What are the symptoms of oligodendroglioma?

Like many brain cancers, oligodendrogliomas often don’t cause symptoms until they disturb brain tissue around them. The most common symptoms are headaches or seizures. Up to 80% of people with oligodendroglioma will have a seizure because of this cancer. That’s because oligodendrogliomas commonly affect your cerebral cortex, the wrinkly outer surface of your brain. The cortex is home to brain areas that control many of the abilities you use in everyday life, like vision, language, muscle control and more.

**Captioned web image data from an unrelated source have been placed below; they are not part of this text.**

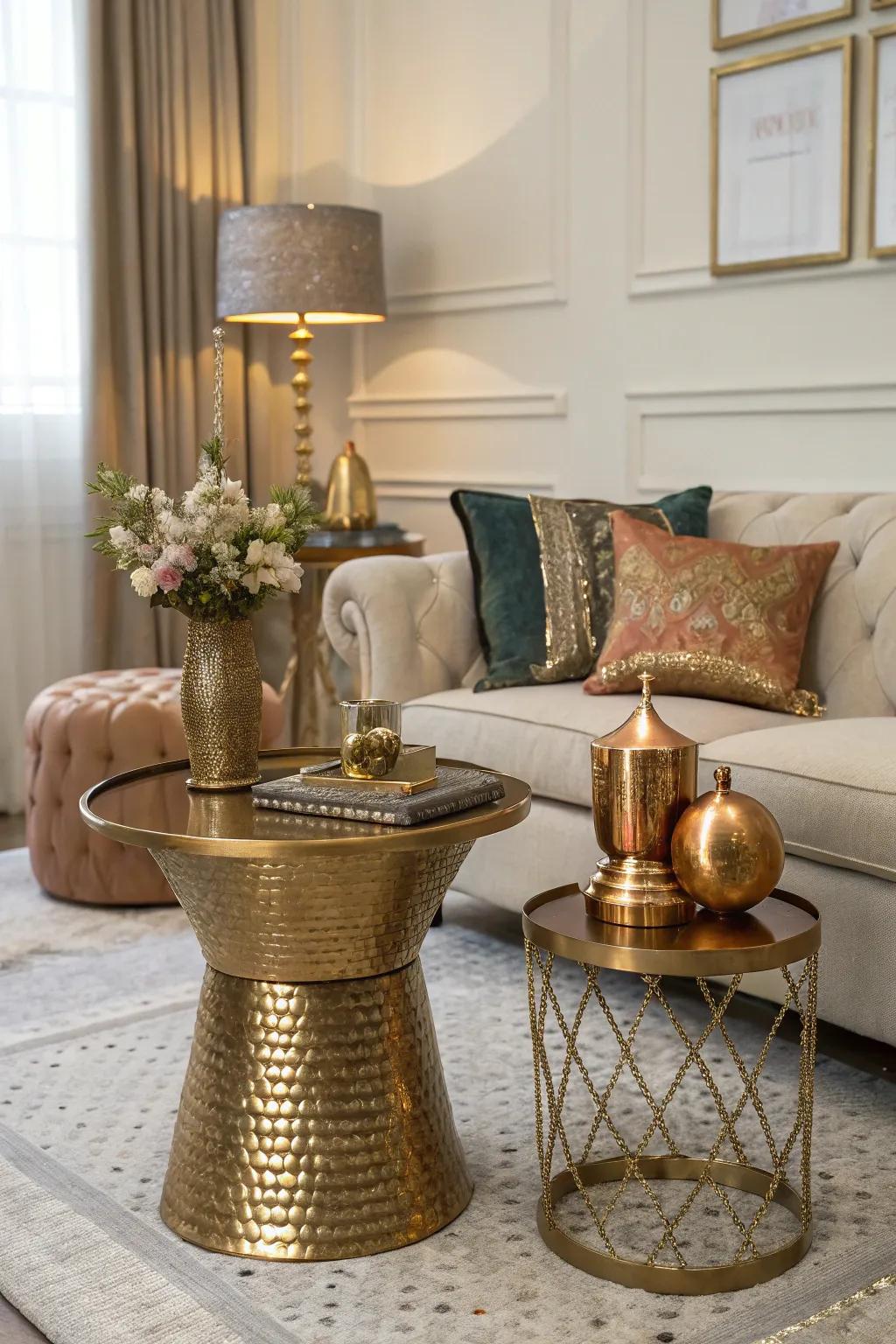 Metallic details brightening the living room.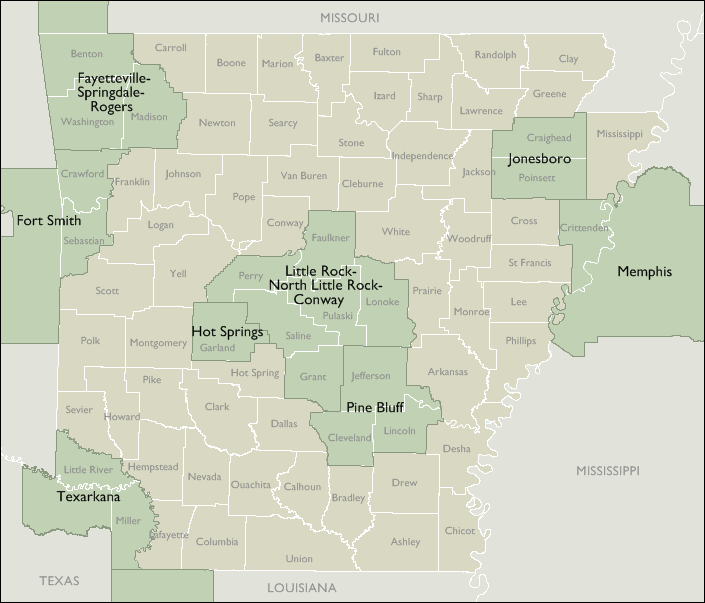 Metro Area Map of Kansas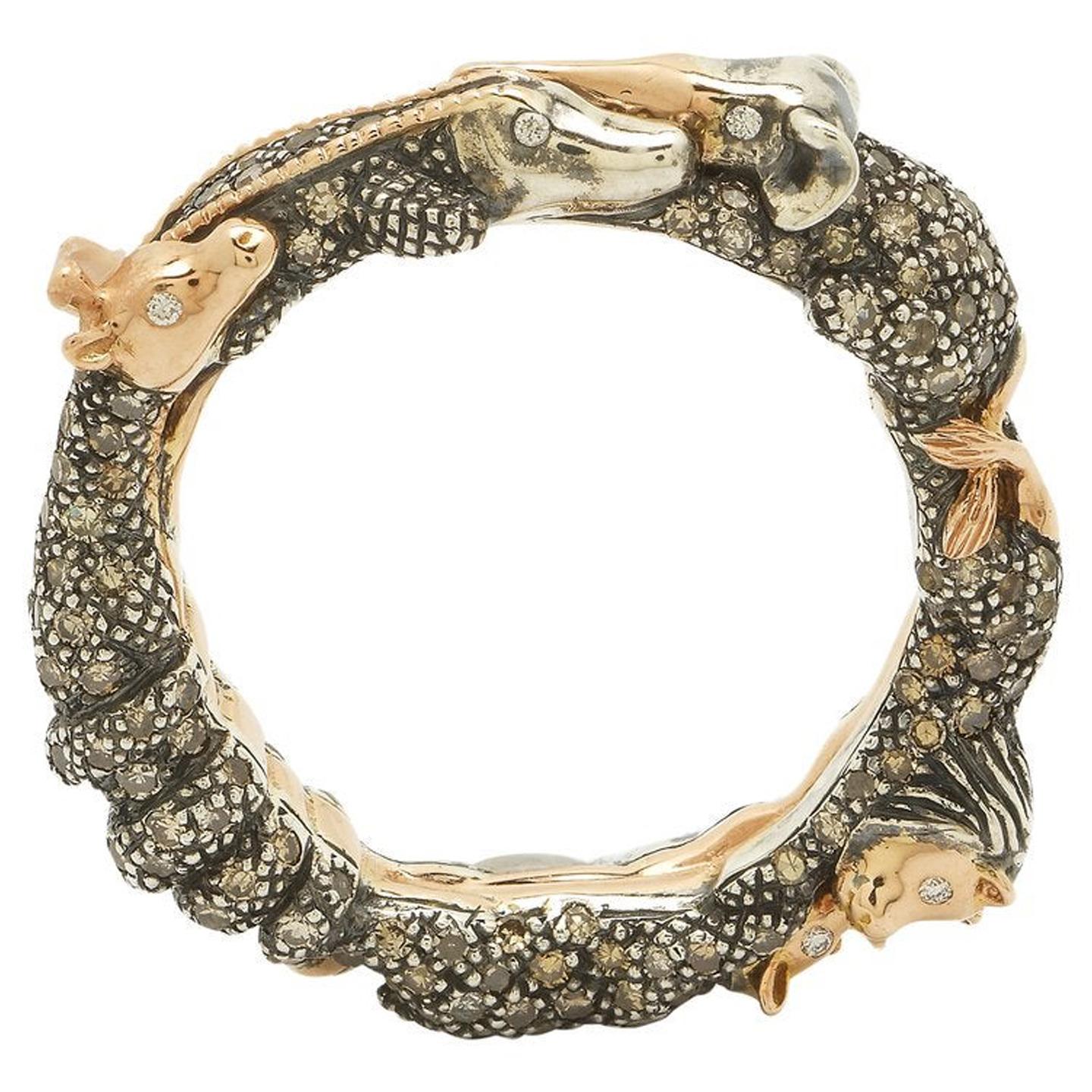 Bibi van der Velden Animal Eternity Ring with Diamonds in 18K Yellow Gold  For Sale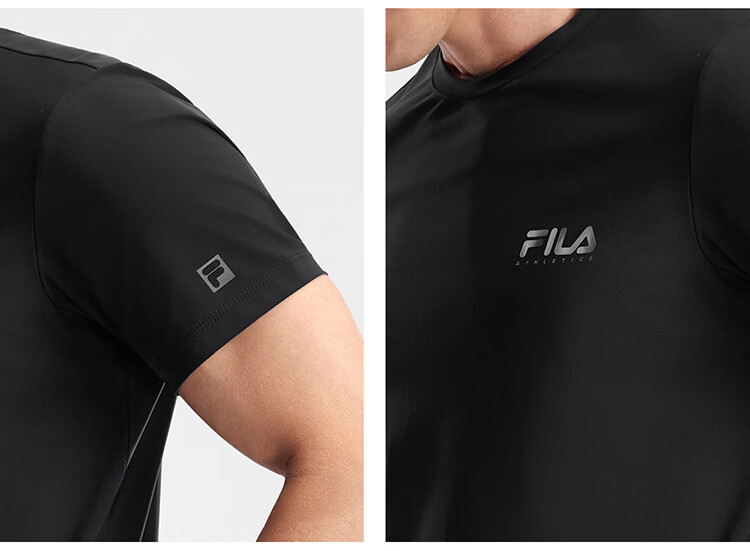 FILA Official Men's Short Sleeve T-Shirt 2026 Summer Cooling Breathable Round Neck Sun Protection Sports Top 22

Besides seizures, oligodendrogliomas may cause focal symptoms. These symptoms indicate a problem that’s focused (hence the name “focal”) in a specific area of your brain. They usually affect a body part or an ability. Examples of focal symptoms can include:

  • Muscle weakness or paralysis, especially on one side of your body or face.
  • Hearing loss.
  • Trouble speaking or understanding others who are talking (aphasia).
  • Vision loss, double vision or blurred vision.
  • Memory problems.
  • Trouble thinking or concentrating.

What causes oligodendroglioma?

By definition, all oligodendrogliomas happen because of two specific DNA changes:

  • 1p/19q co-deletion: Chromosomes are the compressed DNA “data” your cells use as an instruction manual. Sometimes, errors happen when chromosomes are copied as your cells reproduce. Oligodendrogliomas always have deletions on the short (p) arm of chromosome 1 and the long (q) arm of chromosome 19. Experts often refer to this as a “1p/19q co-deletion.”
  • IDH1 or IDH2 mutation: Genes are sections of the data in your DNA that contain specific instructions. One of these tells your body how to make an enzyme called isocitrate dehydrogenase (IDH), which helps with certain types of metabolism. Two IDH mutations, IDH1 or IDH2, can cause oligodendrogliomas.

The above genetic changes are all “de novo,” which means “new.” That means these mutations and deletions happen spontaneously. You don’t inherit them from either of your biological parents.

What are the risk factors for oligodendroglioma?

Researchers haven’t confirmed any risk factors for oligodendroglioma. But there’s research that could mean past radiation therapy (like the type used to treat other cancers) is a possible factor for developing similar tumors called gliomas. More research is necessary to confirm if that could be a cause or contributing factor.


What are the complications of oligodendroglioma?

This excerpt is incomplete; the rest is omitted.